WORKING DATA section start
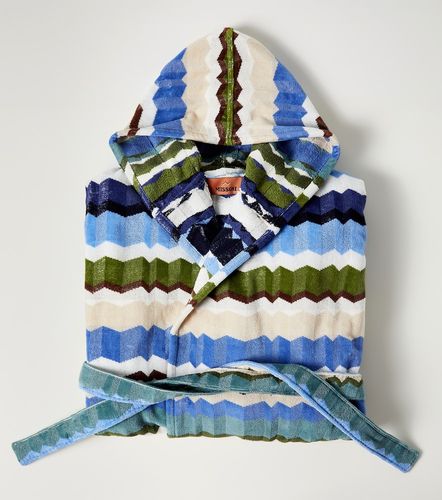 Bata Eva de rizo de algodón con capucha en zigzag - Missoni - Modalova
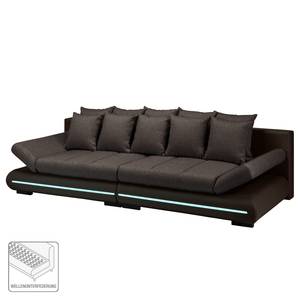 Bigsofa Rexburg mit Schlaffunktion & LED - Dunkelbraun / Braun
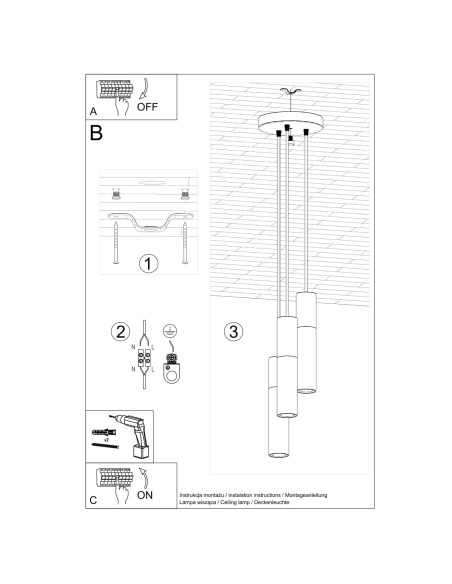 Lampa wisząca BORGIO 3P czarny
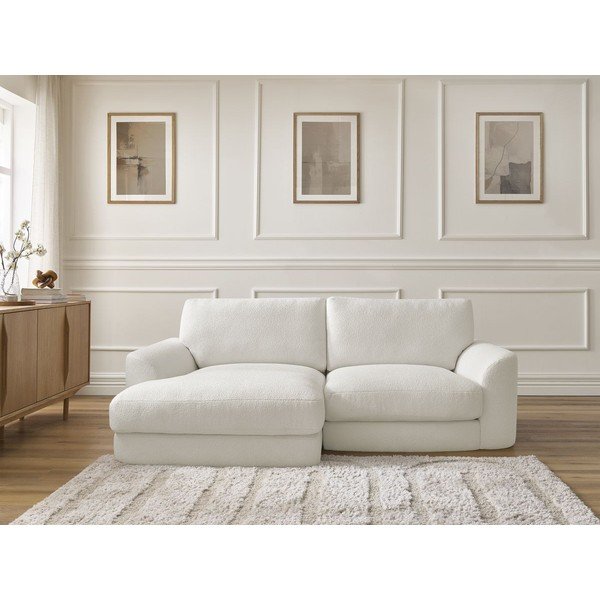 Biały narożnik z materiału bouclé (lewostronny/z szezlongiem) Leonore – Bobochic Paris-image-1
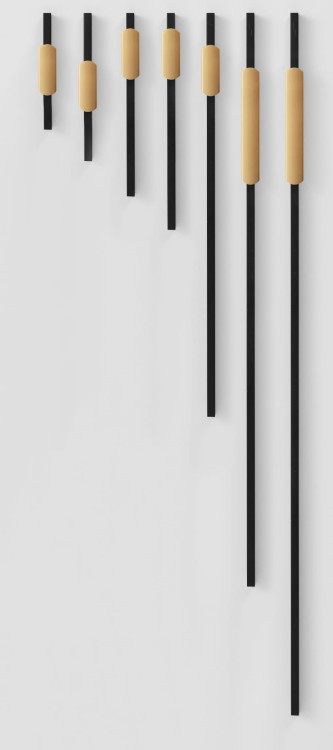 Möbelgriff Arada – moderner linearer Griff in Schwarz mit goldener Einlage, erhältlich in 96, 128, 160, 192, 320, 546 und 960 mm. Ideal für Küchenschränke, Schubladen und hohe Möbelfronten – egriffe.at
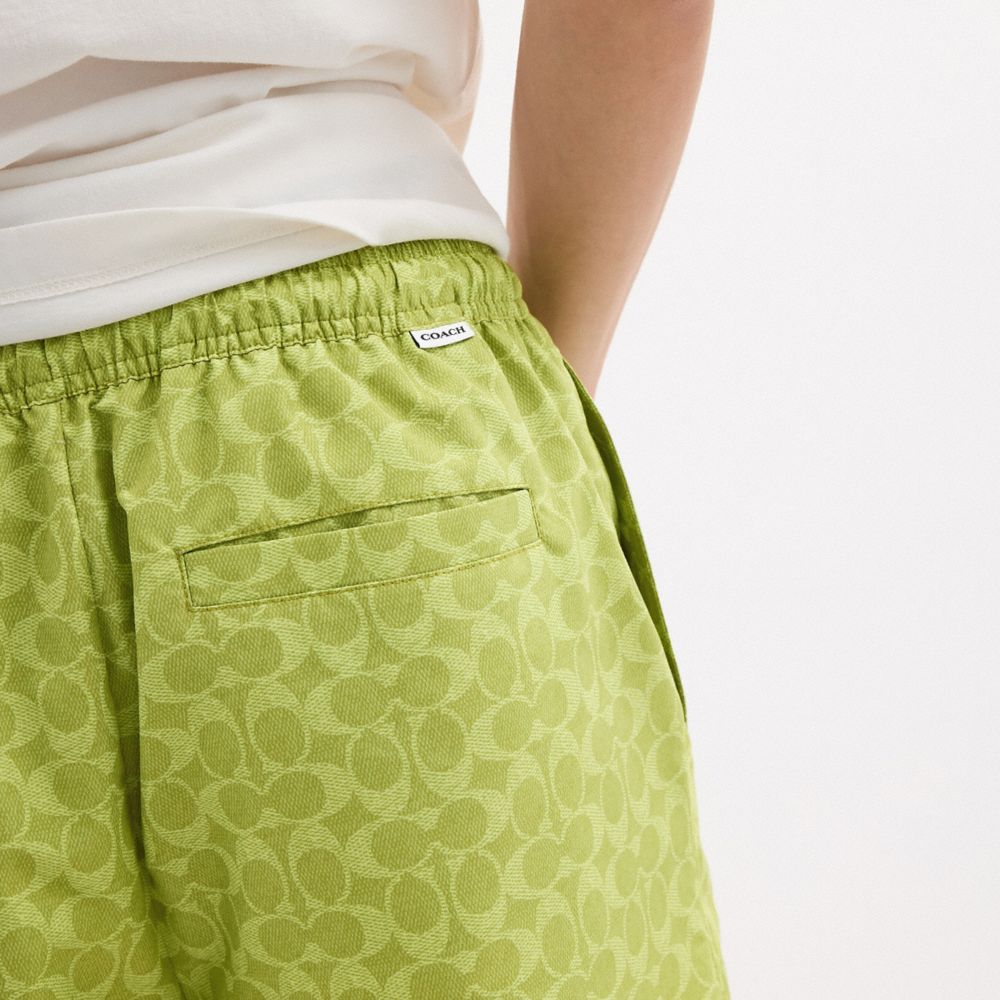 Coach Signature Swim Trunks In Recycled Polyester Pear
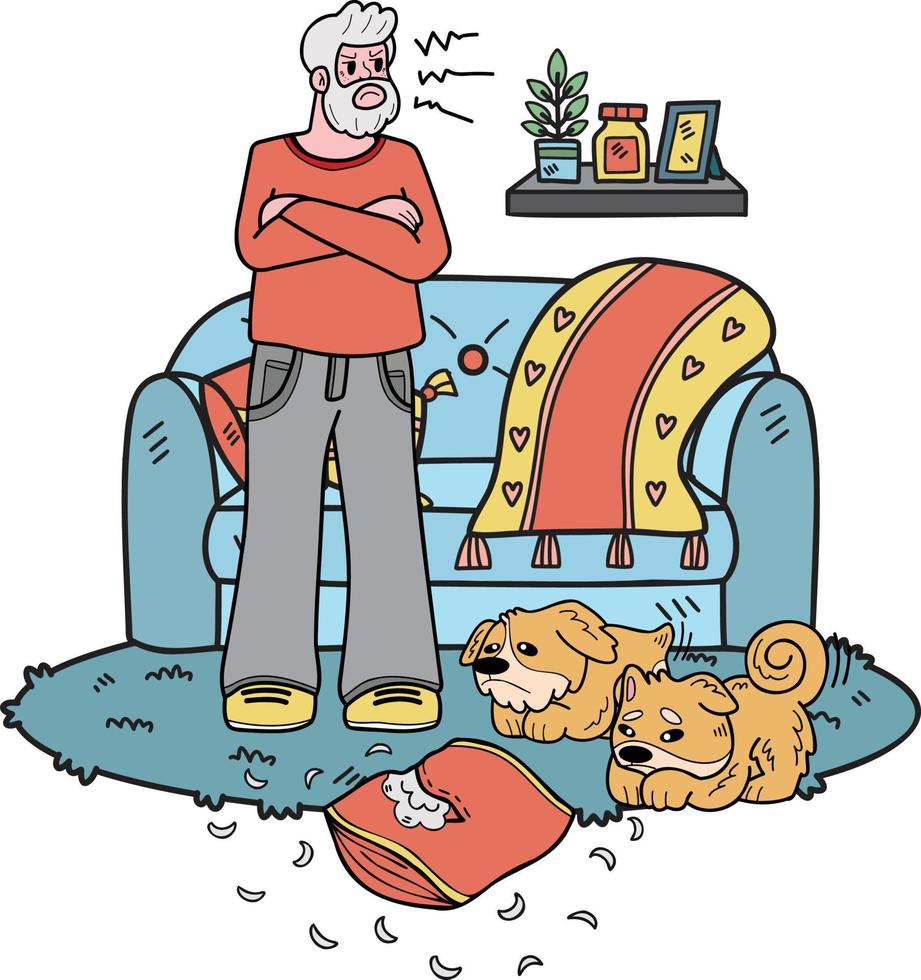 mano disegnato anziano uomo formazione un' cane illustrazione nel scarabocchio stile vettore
WORKING DATA section end
## TASK OBJECTIVE:
Keeping pictures out, repeat exactly the lines from the one containing "Möbelgriff Arada –" through the end of the listing.

## EXERCISE ANSWER:
 Möbelgriff Arada – moderner linearer Griff in Schwarz mit goldener Einlage, erhältlich in 96, 128, 160, 192, 320, 546 und 960 mm. Ideal für Küchenschränke, Schubladen und hohe Möbelfronten – egriffe.at
 Coach Signature Swim Trunks In Recycled Polyester Pear
 mano disegnato anziano uomo formazione un' cane illustrazione nel scarabocchio stile vettore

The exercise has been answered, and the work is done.